You are viewing a plain text version of this content. The canonical link for it is here.
Posted to github@arrow.apache.org by "jackwener (via GitHub)" <gi...@apache.org> on 2023/04/23 15:57:35 UTC

[GitHub] [arrow-datafusion] jackwener opened a new pull request, #6102: feat: avoid cast expr in Between as much as possible.

jackwener opened a new pull request, #6102:
URL: https://github.com/apache/arrow-datafusion/pull/6102

   # Which issue does this PR close?
   
   
   part of #5928.
   
   # Rationale for this change
   
   Part of job about type_coercion.
   
   # What changes are included in this PR?
   
   avoid cast expr in Between as much as possible.
   
   # Are these changes tested?
   
   <!--
   We typically require tests for all PRs in order to:
   1. Prevent the code from being accidentally broken by subsequent changes
   2. Serve as another way to document the expected behavior of the code
   
   If tests are not included in your PR, please explain why (for example, are they covered by existing tests)?
   -->
   
   # Are there any user-facing changes?
   
   <!--
   If there are user-facing changes then we may require documentation to be updated before approving the PR.
   -->
   
   <!--
   If there are any breaking changes to public APIs, please add the `api change` label.
   -->


-- 
This is an automated message from the Apache Git Service.
To respond to the message, please log on to GitHub and use the
URL above to go to the specific comment.

To unsubscribe, e-mail: github-unsubscribe@arrow.apache.org

For queries about this service, please contact Infrastructure at:
users@infra.apache.org


[GitHub] [arrow-datafusion] jackwener closed pull request #6102: enhance: avoid cast expr in Between as much as possible.

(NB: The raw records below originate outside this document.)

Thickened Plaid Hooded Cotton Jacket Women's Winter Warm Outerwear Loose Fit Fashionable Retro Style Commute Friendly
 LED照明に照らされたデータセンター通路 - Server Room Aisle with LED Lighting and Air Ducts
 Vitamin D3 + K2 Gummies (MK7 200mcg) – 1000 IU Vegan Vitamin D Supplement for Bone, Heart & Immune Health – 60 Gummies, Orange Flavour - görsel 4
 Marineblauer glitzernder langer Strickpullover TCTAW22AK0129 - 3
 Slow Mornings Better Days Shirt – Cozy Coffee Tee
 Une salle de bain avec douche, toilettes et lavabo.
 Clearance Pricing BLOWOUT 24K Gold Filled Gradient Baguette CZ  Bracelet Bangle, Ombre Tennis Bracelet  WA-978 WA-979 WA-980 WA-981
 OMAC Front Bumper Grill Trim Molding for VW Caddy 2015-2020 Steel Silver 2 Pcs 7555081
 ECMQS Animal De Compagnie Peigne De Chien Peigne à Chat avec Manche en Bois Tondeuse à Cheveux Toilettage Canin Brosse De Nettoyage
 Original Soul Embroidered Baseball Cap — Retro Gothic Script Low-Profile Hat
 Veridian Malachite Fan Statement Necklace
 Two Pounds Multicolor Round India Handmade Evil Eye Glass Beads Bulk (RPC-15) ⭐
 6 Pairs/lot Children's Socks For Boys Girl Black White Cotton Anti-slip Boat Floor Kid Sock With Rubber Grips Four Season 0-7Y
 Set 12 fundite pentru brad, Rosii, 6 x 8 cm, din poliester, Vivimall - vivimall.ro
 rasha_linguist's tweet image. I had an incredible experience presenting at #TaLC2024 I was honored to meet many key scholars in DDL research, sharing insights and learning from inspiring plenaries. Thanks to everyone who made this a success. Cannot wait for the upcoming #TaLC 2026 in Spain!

Posted by "jackwener (via GitHub)" <gi...@apache.org>.
jackwener closed pull request #6102: enhance: avoid cast expr in Between as much as possible.
URL: https://github.com/apache/arrow-datafusion/pull/6102


-- 
This is an automated message from the Apache Git Service.
To respond to the message, please log on to GitHub and use the
URL above to go to the specific comment.

To unsubscribe, e-mail: github-unsubscribe@arrow.apache.org

For queries about this service, please contact Infrastructure at:
users@infra.apache.org


[GitHub] [arrow-datafusion] mingmwang commented on a diff in pull request #6102: enhance: avoid cast expr in Between as much as possible.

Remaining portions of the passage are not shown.